__Task details__
Find "Central America, Costa" below and begin at its line; stop after the line with "Hiedra Hedera Arborea con frutos - a granel". Output those lines exactly, without pictures.

__Entries provided__
..........

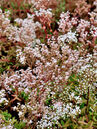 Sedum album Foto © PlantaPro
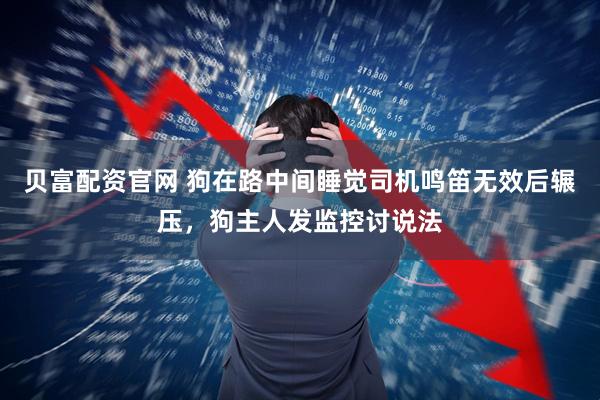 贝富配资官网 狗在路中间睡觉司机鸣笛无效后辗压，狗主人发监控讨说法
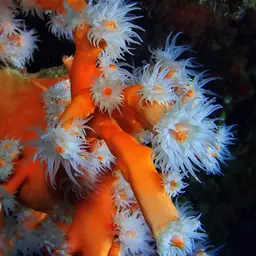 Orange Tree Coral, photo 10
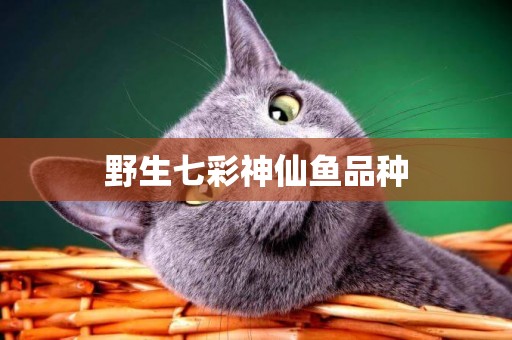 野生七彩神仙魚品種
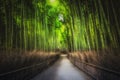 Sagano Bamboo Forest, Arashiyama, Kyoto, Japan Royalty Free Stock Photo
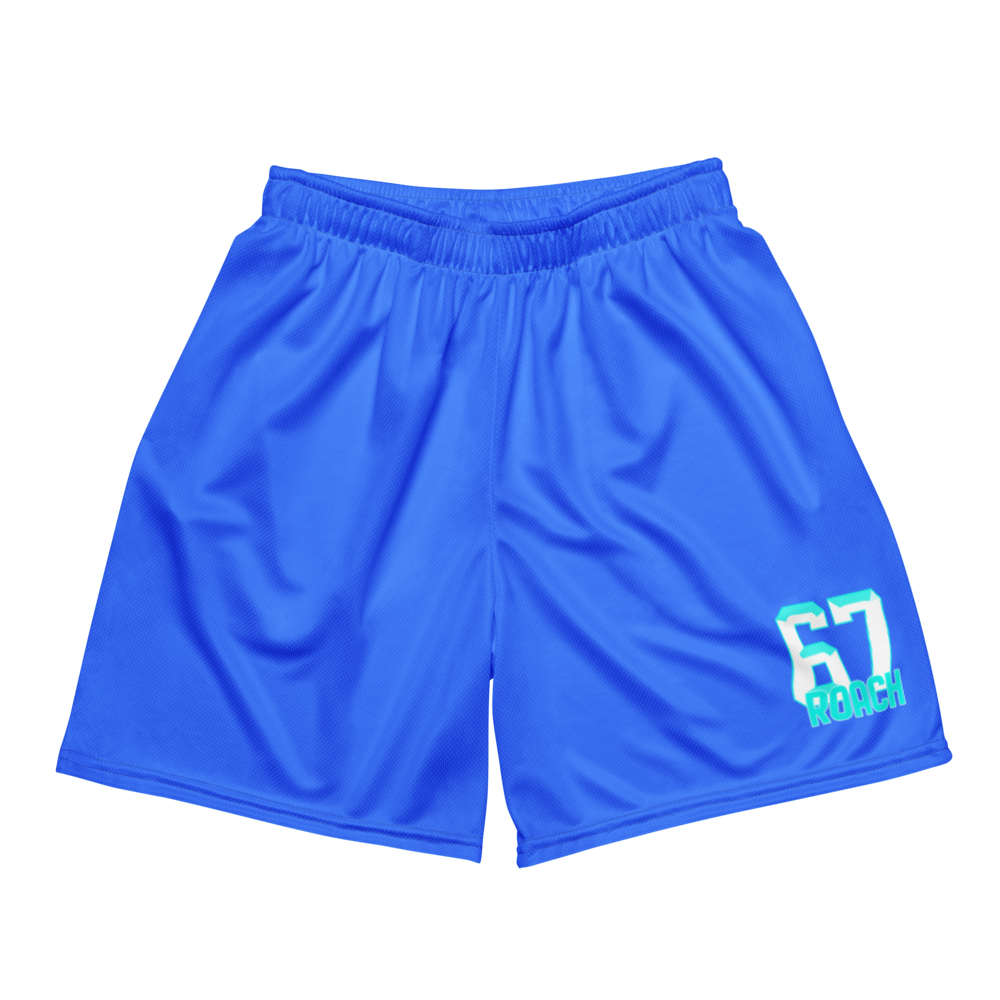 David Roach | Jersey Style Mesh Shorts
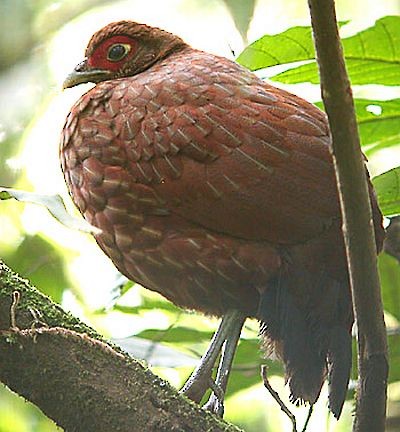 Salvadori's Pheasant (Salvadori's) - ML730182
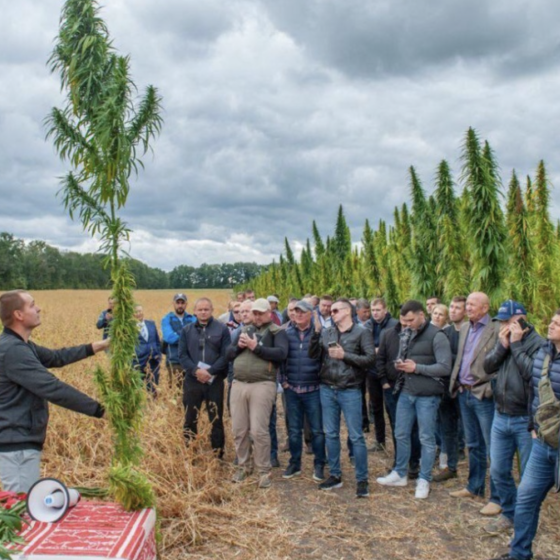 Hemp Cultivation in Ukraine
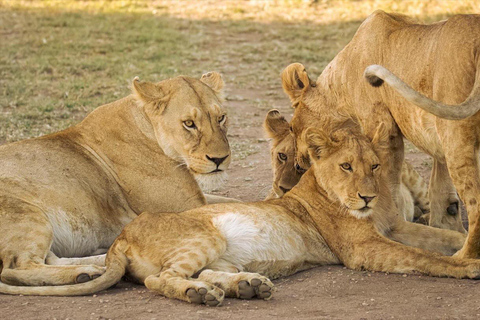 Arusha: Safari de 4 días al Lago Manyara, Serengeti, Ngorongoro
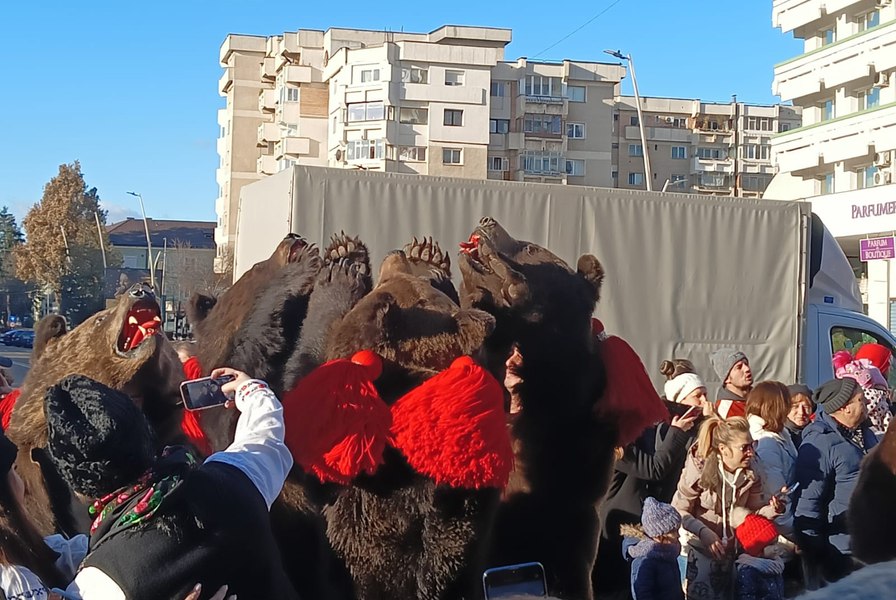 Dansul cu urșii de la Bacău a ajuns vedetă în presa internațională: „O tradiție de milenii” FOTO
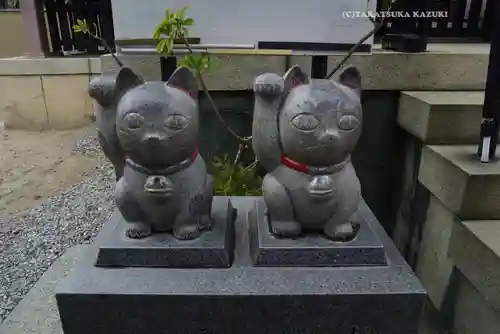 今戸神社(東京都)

..........

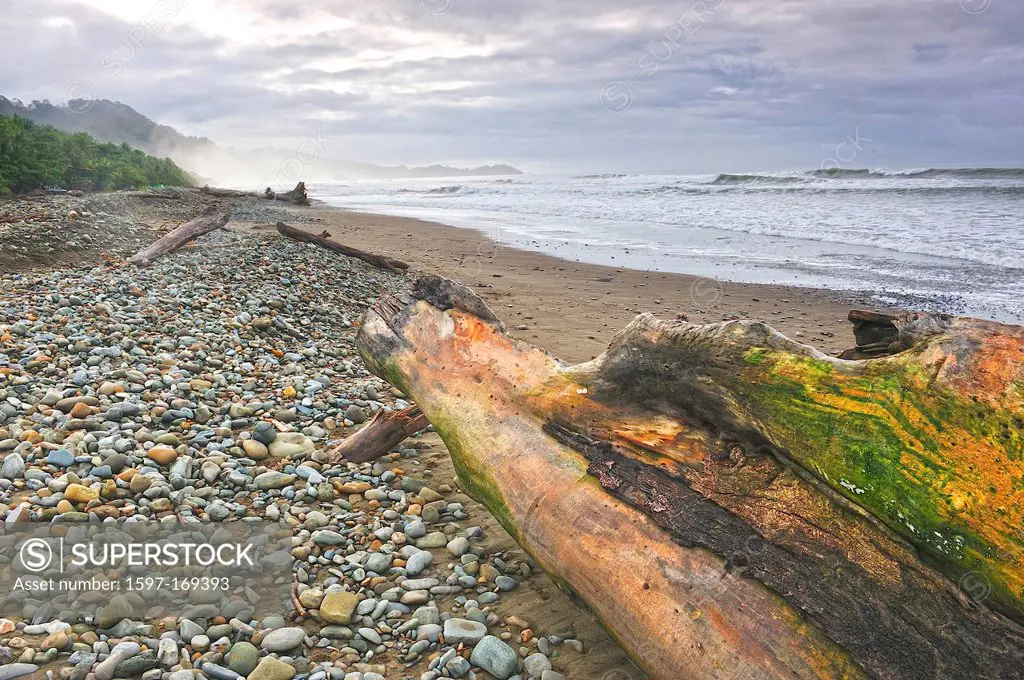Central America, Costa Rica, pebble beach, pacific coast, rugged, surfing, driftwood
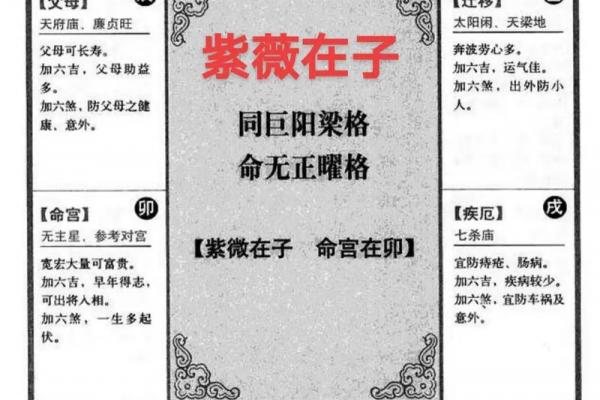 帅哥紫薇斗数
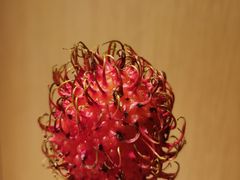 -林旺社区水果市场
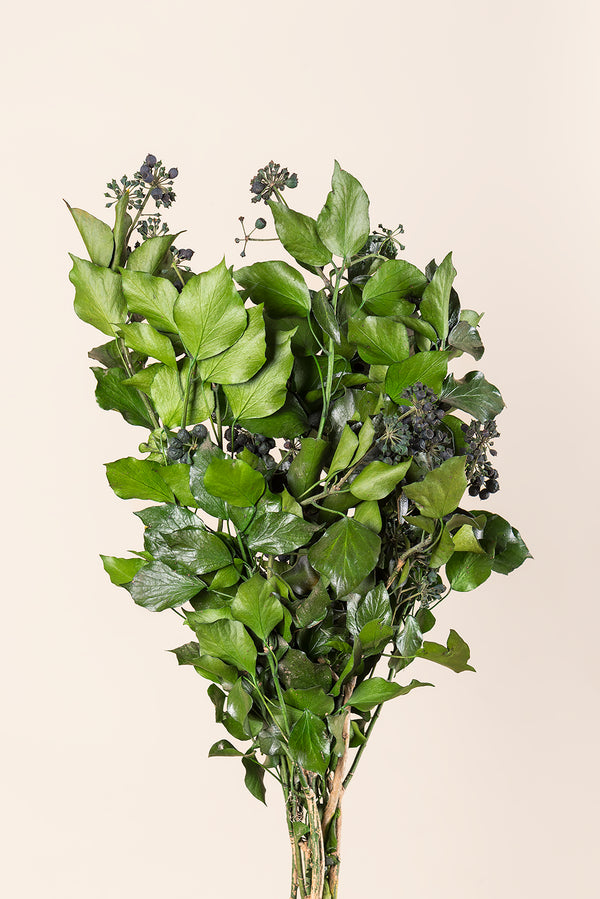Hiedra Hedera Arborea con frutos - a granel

..........

__Answer section__
Central America, Costa Rica, pebble beach, pacific coast, rugged, surfing, driftwood
 帅哥紫薇斗数
 -林旺社区水果市场
Hiedra Hedera Arborea con frutos - a granel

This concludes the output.